Under the sentencing guidelines, the offense level will usually be determined by the offense level of the underlying conduct. U.S.S.G. § 2E1.1. If, as here, the underlying conduct is wire fraud, the offense level increases based on the amount of money lost. U.S.S.G. § 2F1.1.


The Court made clear that it would not interpret civil RICO narrowly in Sedima, S.P.R.L. v. Imrex Co., 473 U.S. 479 (1985). The Court noted that its broad interpretation of civil RICO "is amply supported by our prior cases and the general principles surrounding the statute.... This is the lesson not only of Congress's self-consciously expansive language and overall approach,... but also of its express admonition that RICO is to `be literally construed to effectuate its remedial purposes.'" Id. at 497-98 (citation omitted) (quoting Pub. L. 91-452 § 904(a), 84 Stat. 947). The Court further explained: "The statute's `remedial purposes' are nowhere more evident than in the provision of a private action for those injured by racketeering activity.... RICO was an aggressive initiative to supplement old remedies and develop new methods for fighting crime.... While few of the legislative statements about novel remedies and attacking crime on all fronts... were made with direct reference to § 1964(c), it is in this spirit that all of the Act's provisions should be read." Id. at 498 (citations omitted). The Court noted the concern of the Court of Appeals over the uses to which civil RICO was being put but explained that these uses are "hardly a sufficient reason for assuming that the provision is being misconstrued." Id. at 499The Court stressed the expansive take it had on civil RICO by noting: "`[T]he fact that RICO has been applied in situations not expressly anticipated by Congress does not demonstrate ambiguity. It demonstrates breadth.'" Id. (quoting Haroco, Inc. v. Am. Nat'l Bank & Trust Co. of Chi., 747 F.2d 384, 398 (7th Cir. 1984) (alteration in original). See also, e.g., H.J. Inc. v. Northwestern Bell Tel., Co., 492 U.S. 229, 236 (1989) (commenting that the breadth of the predicate offenses and Congress's failure to interpret the term "pattern" in the statute applies to criminal and civil applications of the Act); Sedima, 473 U.S. at 493 (rejecting a restrictive interpretation of § 1964(c) that would have made a criminal conviction a prerequisite for a civil RICO suit).

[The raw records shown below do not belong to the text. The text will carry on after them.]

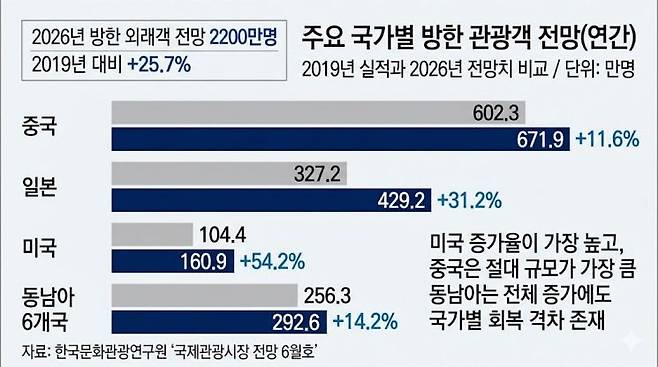 2026년 방한 외래객은 2200만명으로 전망됐다. 중국은 절대 규모가 가장 크고, 미국은 2019년 대비 증가율이 가장 높았다. 자료 : 한국문화관광연구원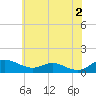 Rose Haven tide chart for Sunday, June 2, 2024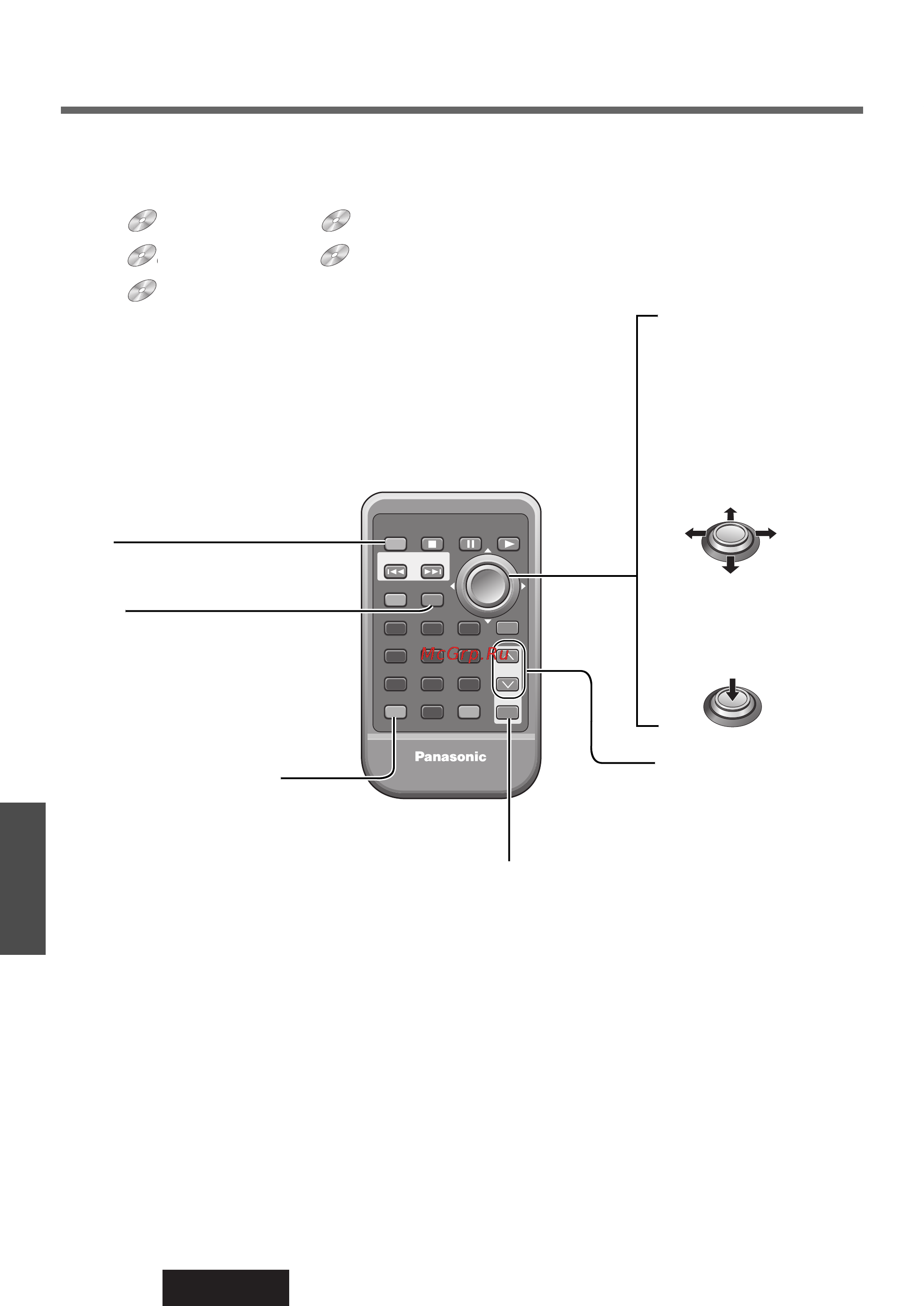 Panasonic CQ-D1703N [12/64] Общие сведения пульт дистанционного управления
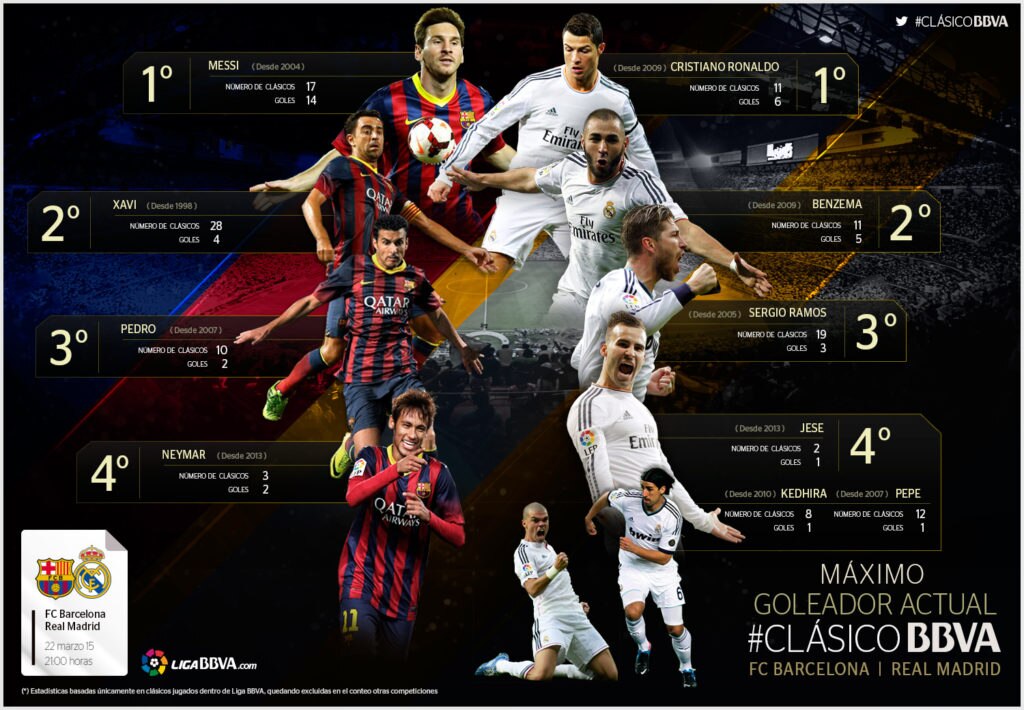 Infografía Clásico ranking jugadores actuales - FC Barcelona y Real Madrid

Notably in both the civil and criminal context, the lost tax revenue does not itself constitute the penalty exacted. Instead, the fine, jail time, or damages assessed simply use the lost revenue as a factor to be employed - after appropriate multiplication, etc. - to determine the size of the civil or criminal penalties to be imposed.


As the Supreme Court has noted, the civil and criminal remedies taken together mean that "RICO provides for drastic remedies." H.J. Inc., 492 U.S. at 233.


In support of its holding that civil RICO suits against "legitimate" business enterprises were permissible in addition to those brought against organized crime organizations, the Supreme Court stated: "Yet this defect -if defect it is - is inherent in the statute as written, and its correction must lie with Congress. It is not for the judiciary to eliminate the private action in situations where Congress has provided it...." Sedima, 473 U.S. at 499-500.


The majority characterizes the issue in this case as whether Congress intended to abrogate the revenue rule when it passed RICO. As is apparent from my dissent, I view the issue differently. For me, the question is whether Congress, in RICO, created a cause of action giving rise to damages, and did so without regard to the existence of the revenue rule.